[Task directions]
Please give back only the lines below from the one containing "Fisher-Price Butterfly Dreams" to the one containing "1119 W Kiowa", each repeated word for word, both ends included.

[Data in this exercise]
+ + + + +

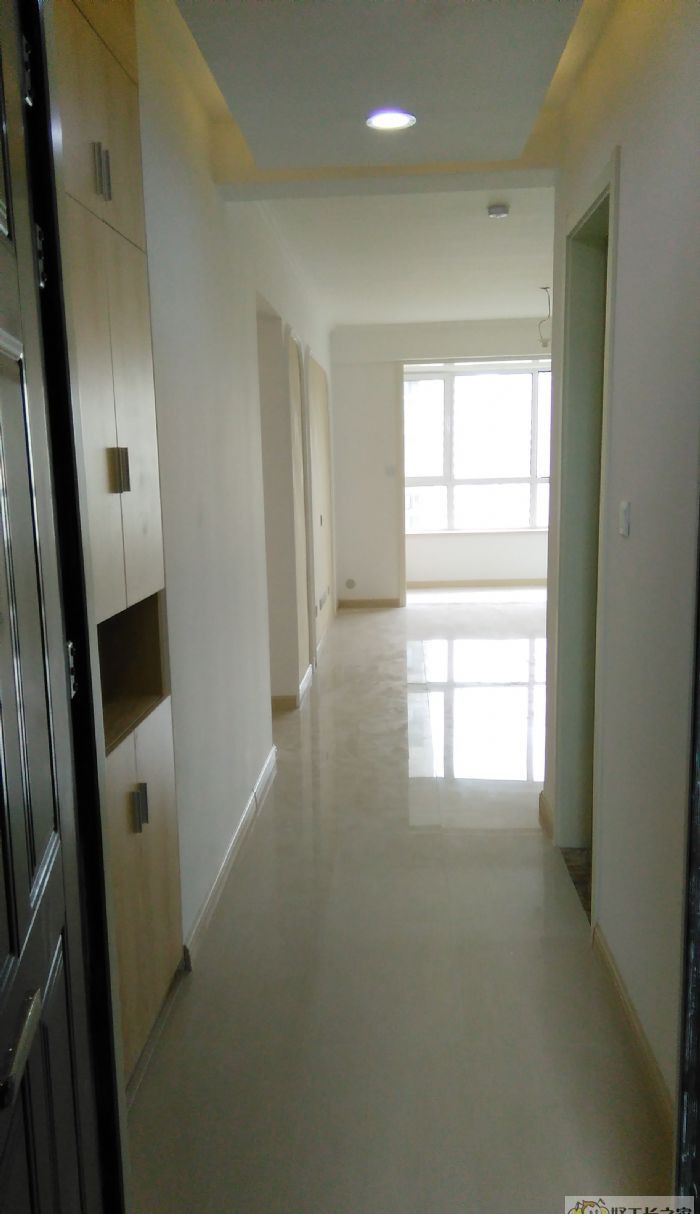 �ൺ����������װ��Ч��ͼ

+ + + + +

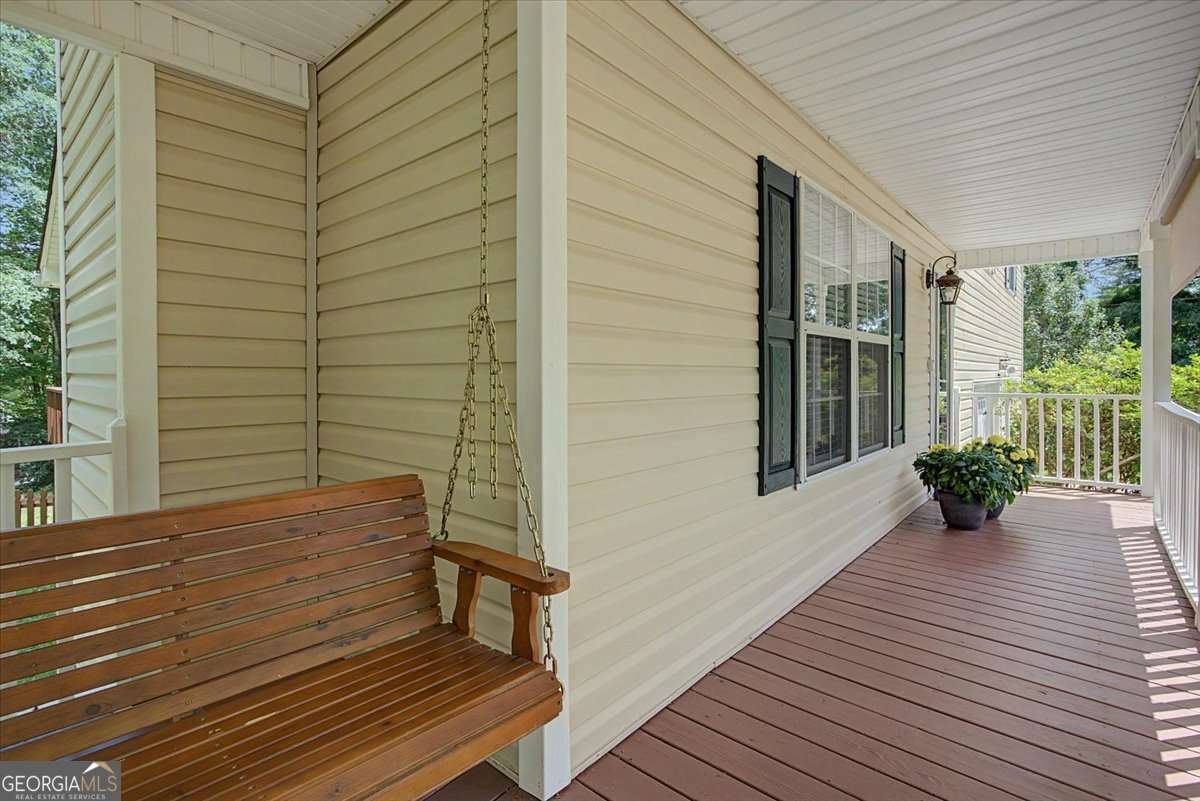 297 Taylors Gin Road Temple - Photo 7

+ + + + +

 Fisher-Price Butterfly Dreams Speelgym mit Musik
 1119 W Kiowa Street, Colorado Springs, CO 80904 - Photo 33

+ + + + +

[Solved exercise]
 Fisher-Price Butterfly Dreams Speelgym mit Musik
 1119 W Kiowa Street, Colorado Springs, CO 80904 - Photo 33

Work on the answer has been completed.